The Fourth League: Rhedeg I Paris

By: Bernd Wechner
© July 11, 1997

The Fourth League: Rhedeg I Paris

The Fourth League: Rhedeg I Paris

Author: Bernd Wechner
Published on: July 11, 1997

A work by Johan Schimanski in 25 parts, 28 printed pages and 15,000 words.

The title of this rather esoteric piece is Welsh, and translates as Running to Paris. Johan is a Norwegian who spent the summer of 1991 hitching around Europe. Coincidentally, the same time that Irv (See The Second League: Innocence Abroad) was doing it. He presents a rather cryptic portrayal of the events of that trip.

It is broken up into 25 parts, most of which are short, under one page in length, but not very lucid. The introduction doesn't give much away, and I can suggest very stongly that readers begin with the part entitled Konglevein 45. Therein all is revealed.

Among other things Konglevein 45 reveals that Johan has intentionally declined to point the reader to the introduction. I can only hope that my doing so doesn't detract from his presentation too much. I do feel that it is of enormous benefit in digesting the material he presents to have read that part beforehand, though. It sets a context, so to speak, that helps my comprehension enormously.

But comprehension may not be the goal in the end. There are other merits to literature, and Johan is experimenting with them. The parts are presented in no order for that reason, their content deliberately meandering and rhetorical. Terse philosophic reflections and occasional descriptions of down-to-earth events make up the bulk of the book. Only in Konglevein 45, the 20th part of 25 if you read them in order (as I did), all becomes clear. Johan confesses his efforts at literary experimentation and that his target audience is essentially himself, and a select group of friends that might share his literary bent, not the public at large. Reader beware. Caveat Legens!

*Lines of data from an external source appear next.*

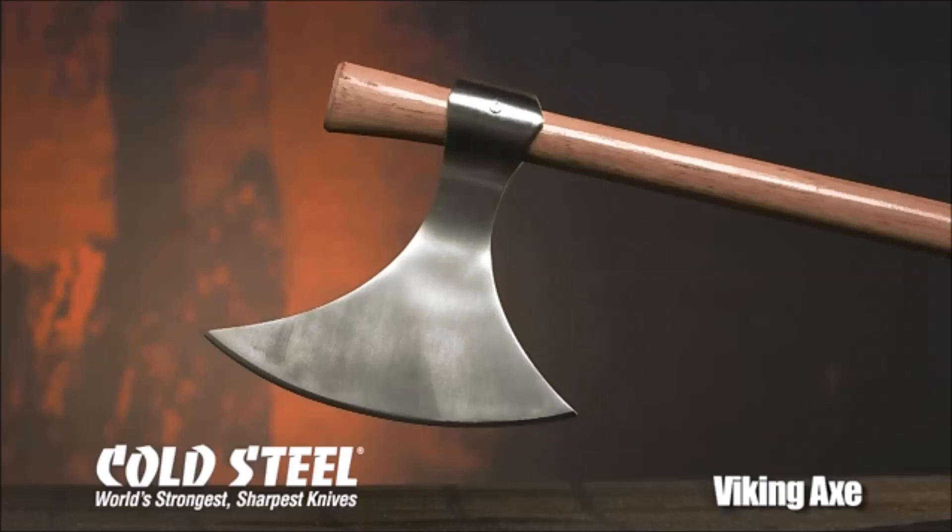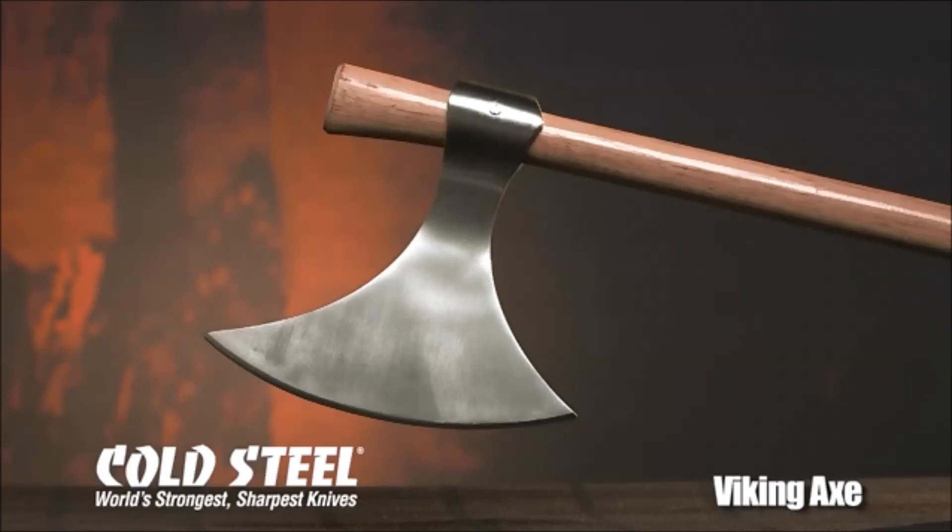Made in Maine from the highest grade hickory, it enhances and amplifies our Viking Axe's lethal potential as a cutting, chopping, and stabbing weapon.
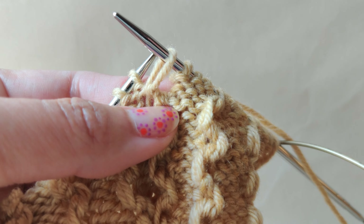Now free the long stitch — this is the left curve. That's it!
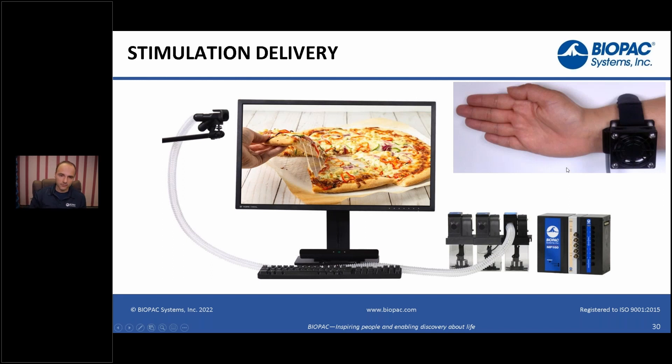We also have electrical stimulation and thermal stimulation. For example, with the thermal stimulator, imagine looking at a cold object and then feeling a colder temperature on your hand, or looking at something hot and getting a different kind of feedback. Many options exist because of the high level of integration we have achieved between all these different components.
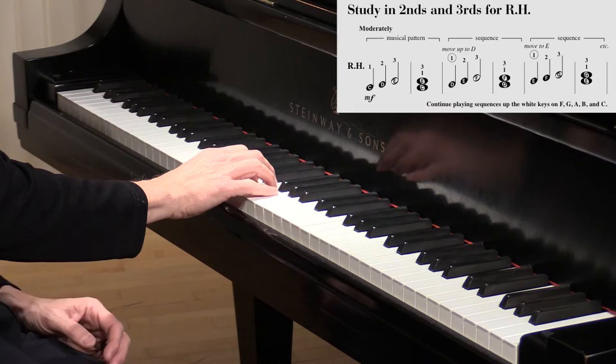Let's take a detailed look at this exercise. We're stepping up and then we play the third.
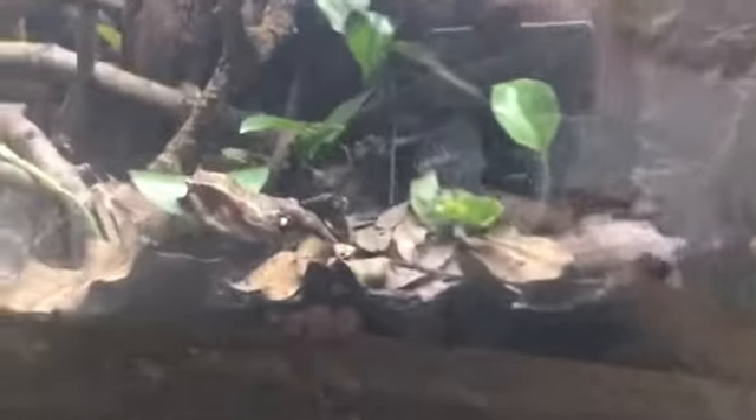He's up here and he has a coconut hide that he's in right now. That's just something you can look off of as well.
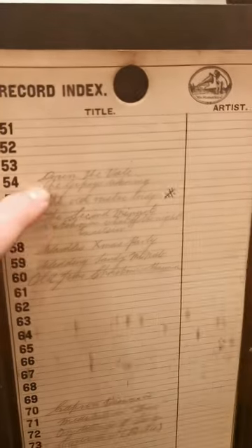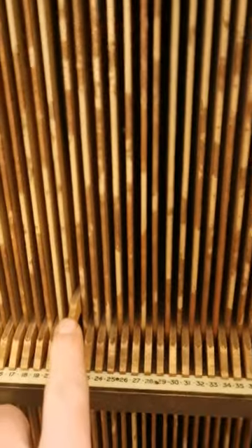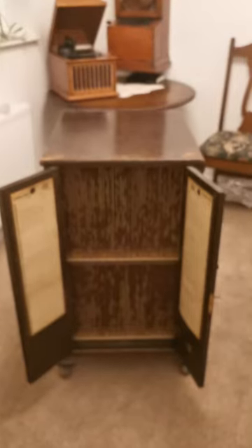...an index where you can write all the records — they're numbered, which correspond with the numbers down here. And there's an ingenious ejection system: you press the lever and it pops the record out. Isn't that great? I love it — brilliant!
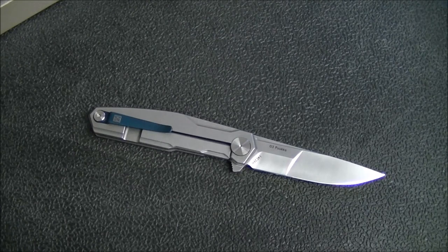That's my initial take on the G3 Pucco. Look forward to the full review later on. If you like this kind of stuff and if you like Real Steel, I've got a few more reviews of Real Steel knives coming up, so go ahead and hit the like button and hit the subscribe button. We'll talk to you soon.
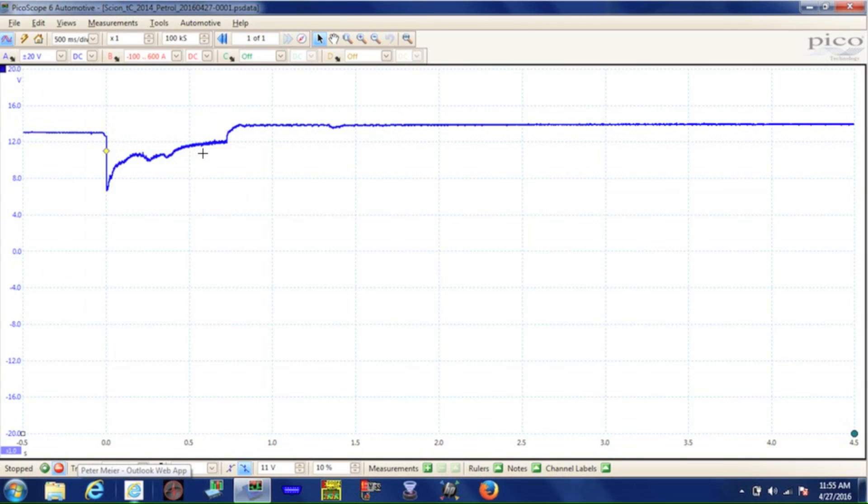Now the engine has started and is running. Once it's running, it's turning the alternator and that's going to start putting back into the battery what we took out — that's the voltage level you see here. That's going to stabilize and give us what we saw in our digital multimeter as our charging system voltage. So we have the three numbers we need: open circuit voltage, loading voltage, and charging voltage. Those are the three key indicators of the health of the charging system — but not all.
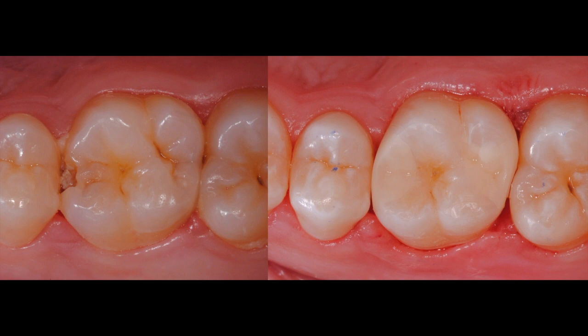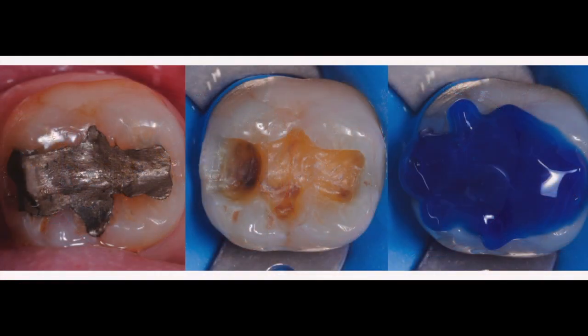Can we make restoring posterior teeth easier? For this large class 2, we are going to use Philip Bulk Fill combined with Parabon's self-cured dental adhesive system.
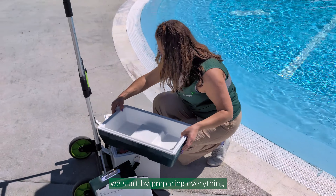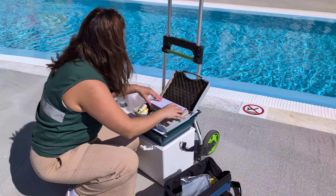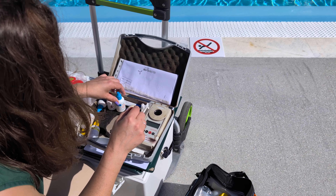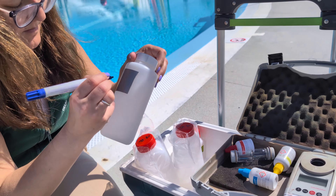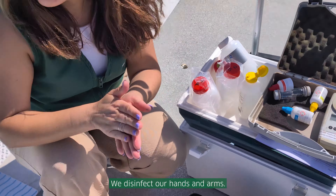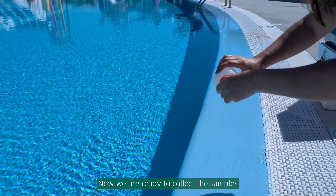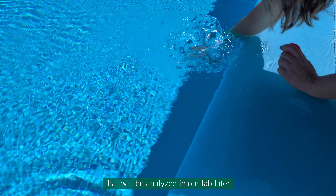There, we start by preparing everything. We disinfect our hands and arms. Now we are ready to collect the samples that will be analyzed in our lab later.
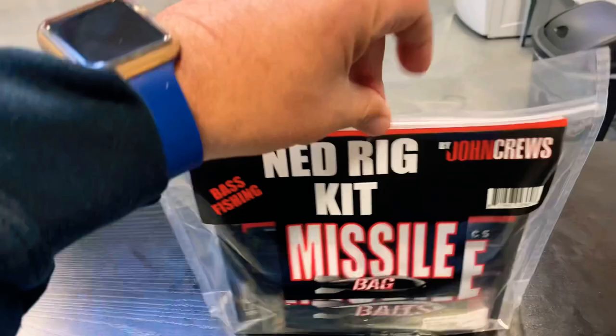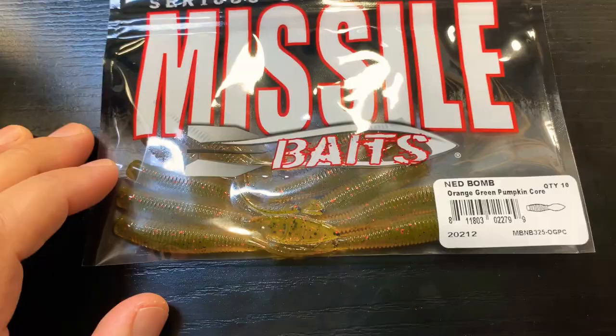Let's take a peek and see what we have in the Ned Rig kit. First things first, let's pull out some soft plastics. We have the Ned Bomb in Baby Bass, and we have the Ned Bomb in Orange Green Pumpkin Core.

It is an awkward text to read, and unless you have a bent for literary experiments, or a personal relationship with Johan it is unlikely to warrant a very thorough read. Konglevein 45 is interesting and well worth reading, though; if it whets your appetite you may find the whole book pleasing.

Rhedeg I Paris is a potent mark of the diversity of Web literature and the diversity of hitch-hiking personalities, as well. It may not be pulp fiction, but it has its merits and is definitely worth the while of this review.